Ariane 5 launches advanced broadband satellite for Eutelsat

by William Graham

Europe’s Ariane 5 rocket returned to action on September 7, deploying a high-power communications satellite for French operator Eutelsat. Liftoff from the Centre Spatial Guyanais in Kourou, French Guiana occurred on time at 6:45 PM local time (21:45 UTC) at the opening of an 86-minute launch window.

Wednesday’s launch deployed Eutelsat Konnect VHTS — or Very High Throughput Satellite — into a supersynchronous geostationary transfer orbit. This advanced communications satellite will provide space-based internet services to Eutelsat’s European customers, including service to areas with poor terrestrial connectivity.

The satellite will also support in-flight internet access for airlines and unspecified communications services for the government of France.

The Konnect VHTS satellite was built by Thales Alenia Space in partnership with the French space agency, CNES, and the European Space Agency. It is based on the Spacebus Neo platform, massing around 6,400 kilograms and measuring 8.8 meters in length. Konnect VHTS marks the largest communications satellite that Thales has built to date.

The satellite incorporates an electric propulsion system which will initially be used to maneuver it from the deployment orbit onto its station in geostationary orbit. It will then use its thrusters to keep station over the course of its planned 15-year lifetime.

Konnect VHTS has a Ka-band communications payload with reflectors up to 3.5 meters in diameter. It also features an advanced processor system that will be used to dynamically allocate the satellite’s communications capacity.

Render of Eutelsat Konnect VHTS in orbit. (Credit: Thales Alenia Space)

Eutelsat is primarily targeting its satellite internet offerings to fixed-location users. The Konnect VHTS satellite has an instantaneous transfer rate of 500 gigabits per second. However, geostationary satellites suffer from higher latency than low Earth orbit systems such as Starlink due to the extra time taken for signals to reach the satellite and be transmitted back to Earth.

Geostationary satellites offer the advantage of allowing regional coverage with a single satellite and global coverage with a small fleet, compared to the constellations of dozens, hundreds, or even thousands of spacecraft needed for low Earth orbit systems. They also remain in the same position in the sky relative to a fixed user.
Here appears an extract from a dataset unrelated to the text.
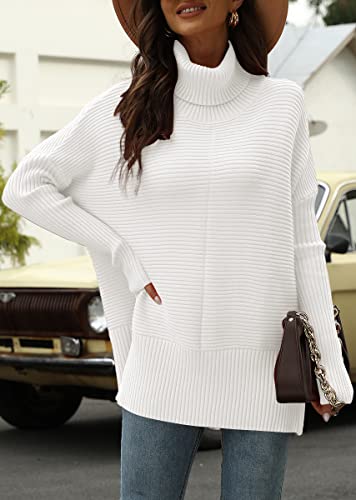 EFAN White Sweater for Women 2023 Winter Turtleneck Oversized Tunic Sweaters Trendy Casual Long Batwing Sleeve Pullover Knit Sweater Tops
The Eutelsat Konnect VHTS mission follows on from the launch of Eutelsat Konnect in 2020, with that satellite being used to offer broadband services to users in Europe and Africa.

Arianespace launched the Konnect VHTS satellite for Eutelsat, continuing a partnership that began in 1983 with the launch of European Communications Satellite 1 (ECS-1) aboard the sixth Ariane 1 rocket. ECS-1 was the first satellite to be launched for the European Telecommunications Satellite Organisation — as Eutelsat was then named — which is an intergovernmental organization (IGO). Eutelsat’s operations were privatized in 2001, though the IGO continues to provide oversight of its operations.
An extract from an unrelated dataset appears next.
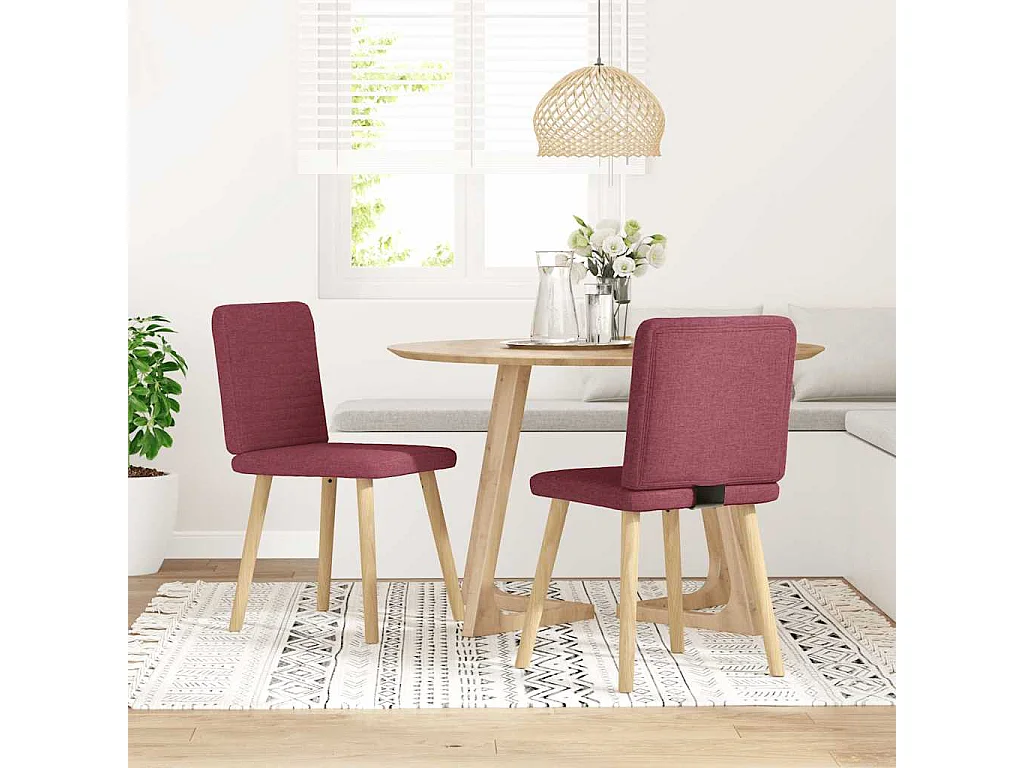 Chaises à manger lot de 2 rouge bordeaux tissu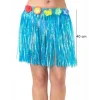 Yetişkin Ve Çocuk Uyumlu Mavi Renk Püsküllü Hawaii Luau Hula Etek 40 Cm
The Eutelsat Konnect VHTS satellite was the 37th spacecraft that Arianespace has launched for Eutelsat. The mission used an Ariane 5 rocket, flying from the Centre Spatial Guyanais (CSG), or Guiana Space Centre, in Kourou, French Guiana.

Eutelsat Konnect VHTS is encapsulated before launch. (Credit: ESA/CNES/Arianespace)

The Ariane 5, a workhorse of the European Space Agency and the commercial launch market for over two decades, is rapidly approaching retirement with only three launches remaining after this mission.

First flown in June 1996, Ariane 5 was a clean-sheet replacement for the previous-generation Ariane 4, which had been an evolution of the preceding Ariane 1, 2, and 3 series. Ariane 5 has evolved over its many years of service, with the final launches using the Ariane 5ECA+ configuration, which offers an increase in payload capacity of almost 50% to geostationary transfer orbit compared to the original Ariane 5G.

Wednesday’s mission was designated VA258 and marked the 114th flight of the Ariane 5. Of those 114 missions, Ariane 5 completed 109 successfully with two failures and three partial failures — although most of the less-than-successful launches occurred early in its career. Both outright failures occurred on maiden flights: the first flight in 1996 was cut short by a guidance software error, and the debut of the upgraded Ariane 5ECA configuration in December 2002 suffered a first-stage engine failure.

The only blemish on Ariane 5’s record since 2002 was a partial failure in January 2018, when VA241 was launched on the wrong heading after the vehicle’s inertial reference systems were aligned incorrectly prior to liftoff. This left the two satellites aboard VA241 in a more highly inclined orbit than had been planned, requiring them to use their own propulsion systems to correct the orbit. The rocket otherwise performed perfectly, but the anomaly ended a run of 82 successful launches. Since this incident, and prior to this mission’s launch, a further 17 Ariane 5 missions have been conducted successfully.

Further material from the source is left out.